In D. Meyers, S. Skinner, and K. Sloan, “Surfaces from contours”, ACM Transactions on Graphics, 11(3):228-258, July 1992, Meyers et al. extend previous work and focus on the correspondence problem (finding the correct connections between the contours of adjacent slices) and on the branching problem. They describe a new approach for solving the correspondence problem using a Minimum Spanning Tree generated from the contours. They approximate the contours by ellipses and then assemble them into cylinders to determine the correspondence. Their branching method handles cases where m contours in one section merge into n contours in an adjacent section. Another improvement is the reduction of the user interventions required to determine where the cross-links between the contours should be. They also discuss a scheme to tile canyons between contours. While their branching method works reasonably well for identifying the openings of canyons between branching contours, it does not handle cases where a contour is enclosed within another and the object interior is in between.
In C. Bajaj, E. Coyle, and K. Lin., “Arbitrary Topology Shape Reconstruction from Planar Cross Sections”, Graphical Models and Image Processing, 58(6):524-543, 1996, Bajaj et al. provide a good survey of previous approaches. In their approach, Bajaj et al. tackle all three problems (correspondence, tiling and branching) simultaneously by imposing three constraints on the reconstructed surface and then deriving precise correspondence and tiling rules from these constraints. In their approach, Bajaj et al. use the 2D marching cubes algorithm as described in W. E. Lorensen and H. E. Cline, “Marching Cubes: A high resolution 3D surface construction algorithm”, in M. C. Stone, editor, Computer Graphics (SIGGRAPH '87 Proceedings), volume 21, pages 163-169, 1987, to generate contour segments from an image slice.
Bajaj et al. give an example of the correspondence problem, shown in FIG. 3. It is to be noticed that four different joint topologies as shown in FIG. 3(b) to (e) may result from the same cross section as in FIG. 3(a).

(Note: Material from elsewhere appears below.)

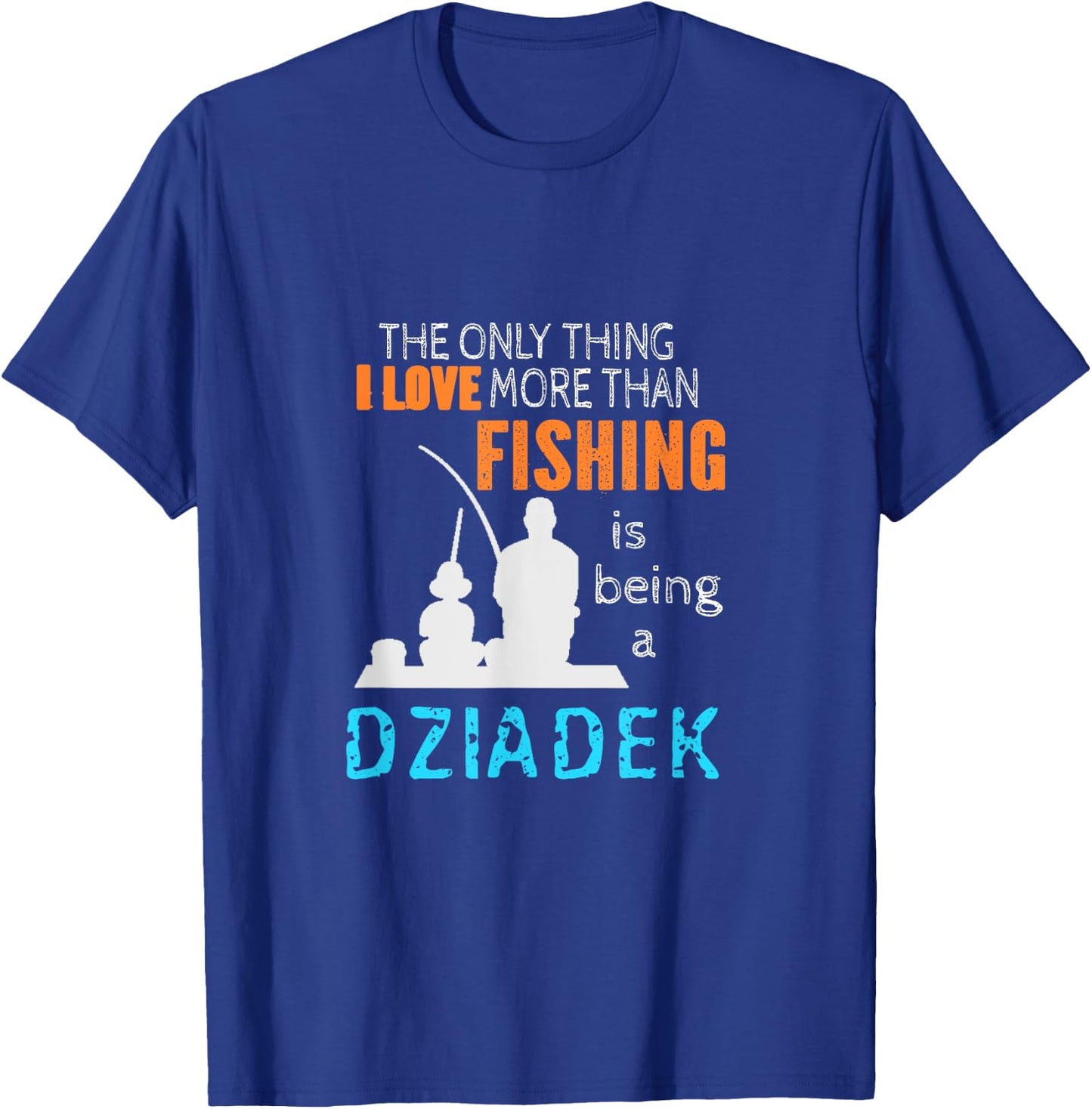 More Than Love Fishing Dziadek Poland Polish Grandpa T-Shirt - T-Shirt | Royal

If the distance between slices is large, a priori knowledge or global information is required to determine the correct correspondence.
Tiling means using slice chords to triangulate the strip lying between contours of two adjacent slices into tiling triangles 5, as shown in FIG. 4. A slice chord 6 connects a vertex 7 of a given contour 8 to a vertex 7′ of the contour in an adjacent slice 8′. Each tiling triangle 5 consists of exactly two slice chords 6 and one contour segment.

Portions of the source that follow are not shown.